Pandas DataFrames are versatile and powerful, capable of solving a wide array of data manipulation tasks.

---

## **[2. Data Manipulation with Pandas](#2-data-manipulation-with-pandas)**

For the next section we use a dataset from an injection molding experiment. The data is only used to demonstrate other ways for getting a dataframe. A research paper is available that details the experiments undertaken to obtain the data: 

> Polenta, A.; Tomassini, S.; Falcionelli, N.; Contardo, P.; Dragoni, A.F.; Sernani, P. A Comparison of Machine Learning Techniques for the Quality Classification of Molded Products. Information 2022, 13, 272. https://doi.org/10.3390/info13060272

Please download the `csv` data [here](https://github.com/airtlab/machine-learning-for-quality-prediction-in-plastic-injection-molding/blob/master/dataset/data.csv) and save it in your `/data` folder.
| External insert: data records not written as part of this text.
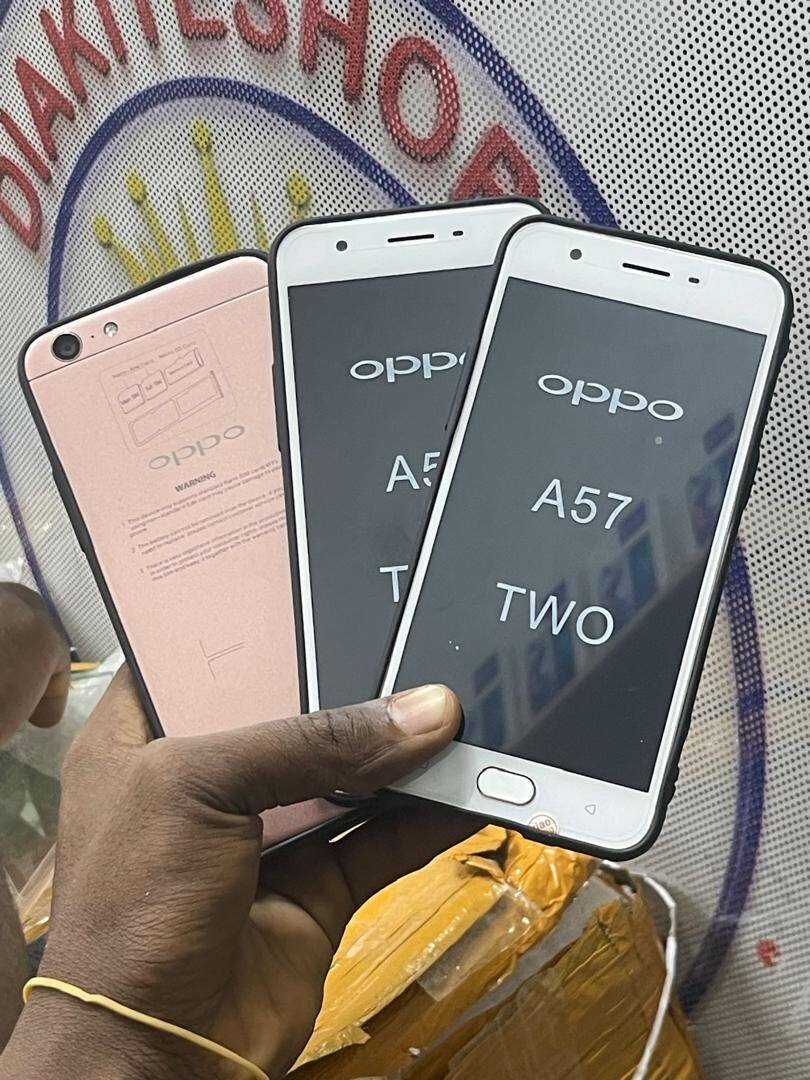 OPPO A57 TWO CASI NEUF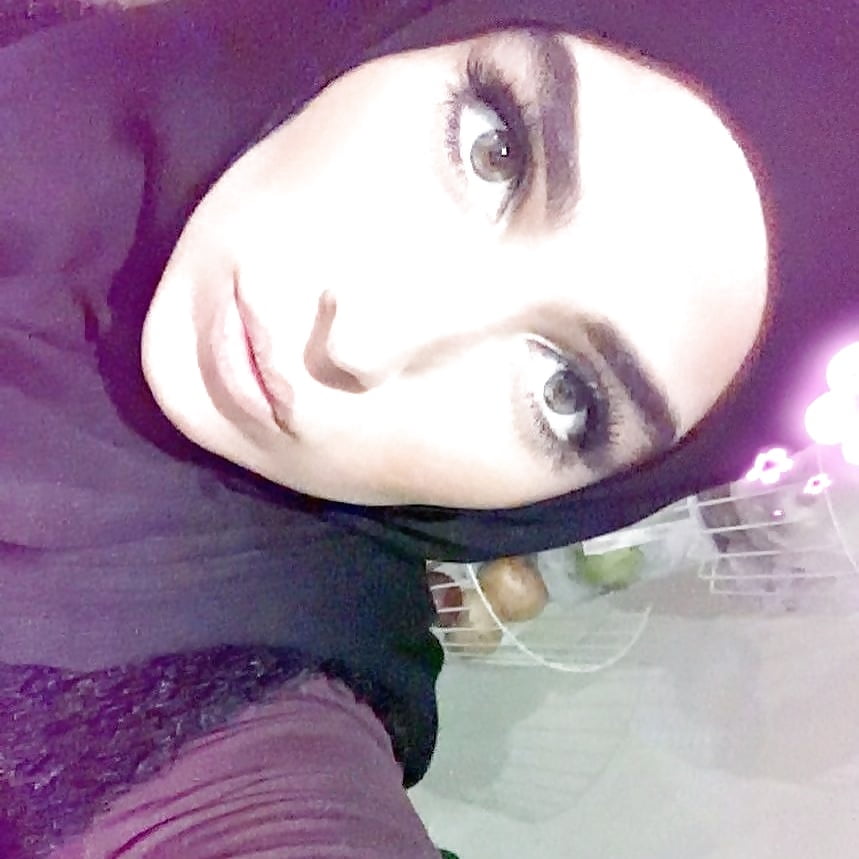 Arab Beurette Hijabi Sluts Hoeren (8/29)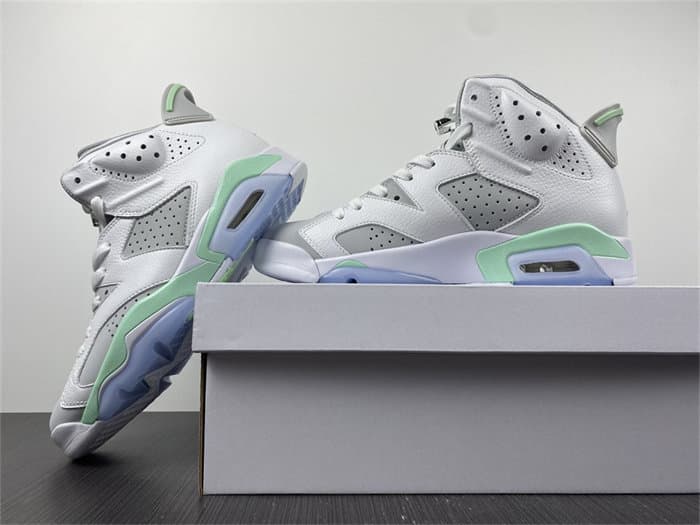 JRD6 Mint Foam DQ4914-103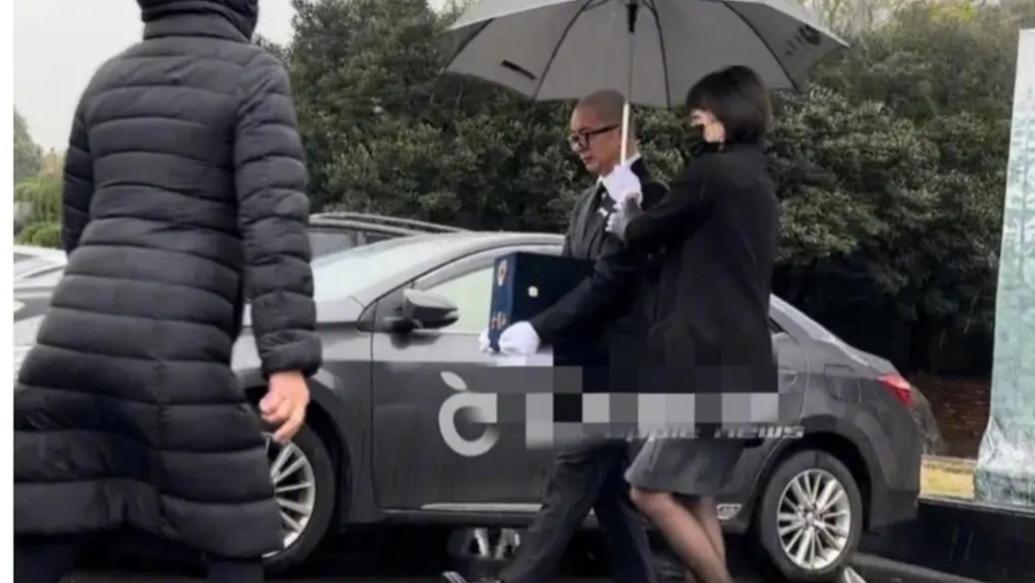 深情难舍昼夜守墓 小S力挺背后的家族羁绊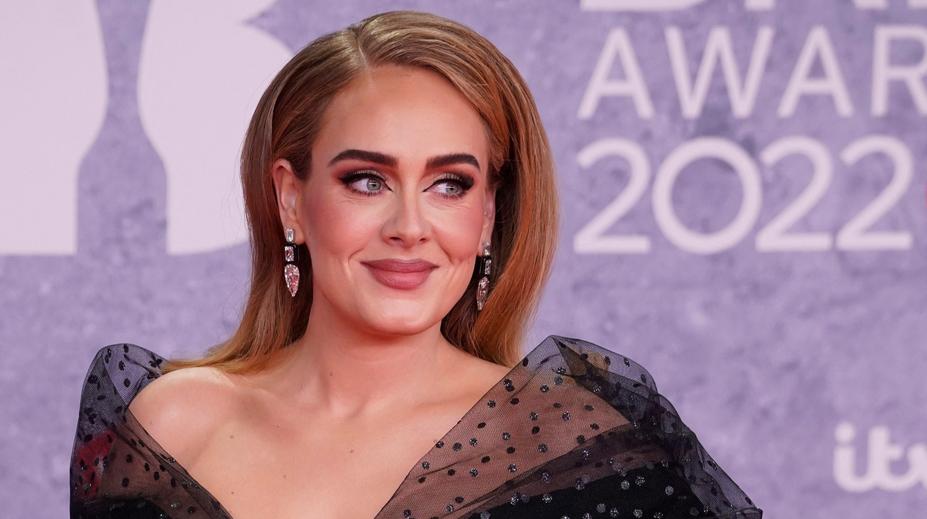 Zpěvačka Adele nalákala fanoušky na nové album. Pak přišlo zklamání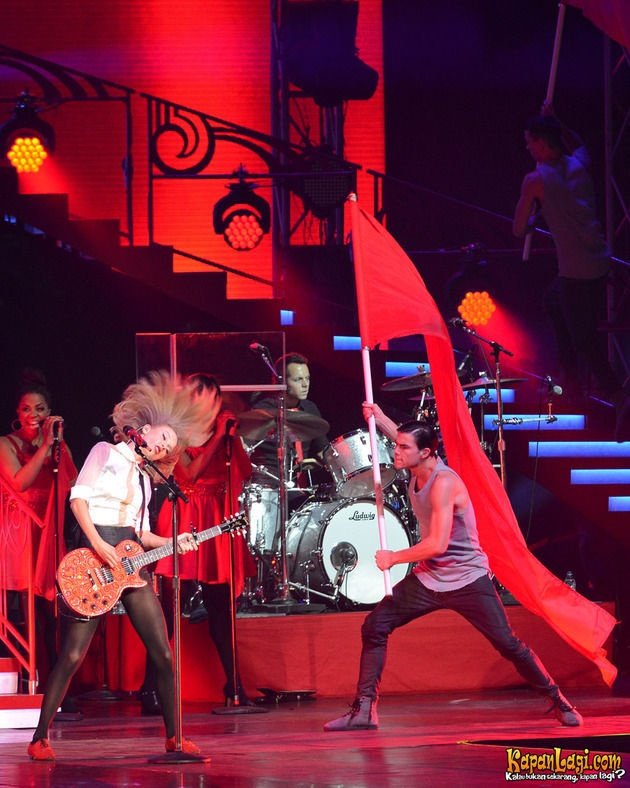 Taylor Swift — June 4 - Jakarta, Indonesia — photo 21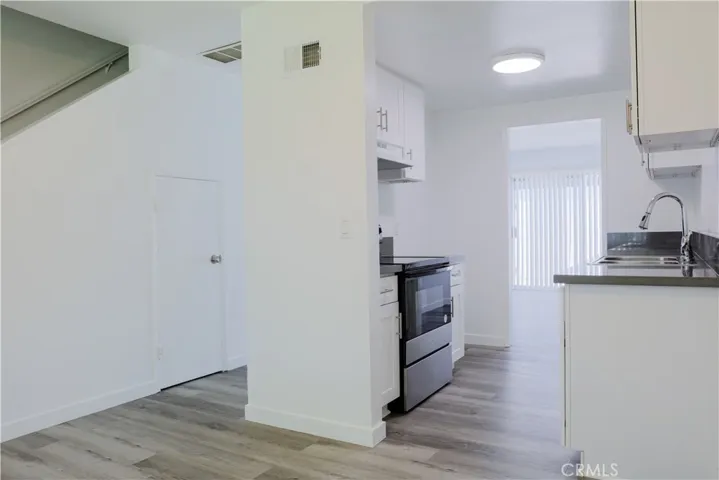 2709 S Baker Street, Santa Ana, California 92707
### **[2.1 Data Importing](#2.1-data-importing)**
<a name="2.1-data-importing"></a>
Pandas supports a wide range of data formats for reading and writing data, making it incredibly versatile for data analysis tasks. 

You can easily import data from `CSV`, `Excel`, `JSON`, `SQL` databases, and many other formats into Pandas DataFrames. 

Here's how to import data from a CSV file:

In [None]:
# Import data with pandas read CSV function
df = pd.read_csv('../data/data.csv')

# In the next chapters (2.2, 2.3 and 2.4), we are going to use more simple example data.
# For the coding challenge (2.5), we will utilize the injection modling dataset. 

The data import is similar for every format pd.read_dataformat, e.g.:
- pd.read_csv
- pd.read_json
- pd.read_excel
- pd.read_html
- pd.read_xml
- pd.read_sql

For more information about data import you can use the official pandas documentaion ([click here](https://pandas.pydata.org/pandas-docs/stable/reference/io.html)).

### **[2.2 Data Exploration](#2.2-data-exploration)**
<a name="2.2-data-exploration"></a>
Once you have your data loaded into a DataFrame, Pandas offers several functions to perform initial data exploration. 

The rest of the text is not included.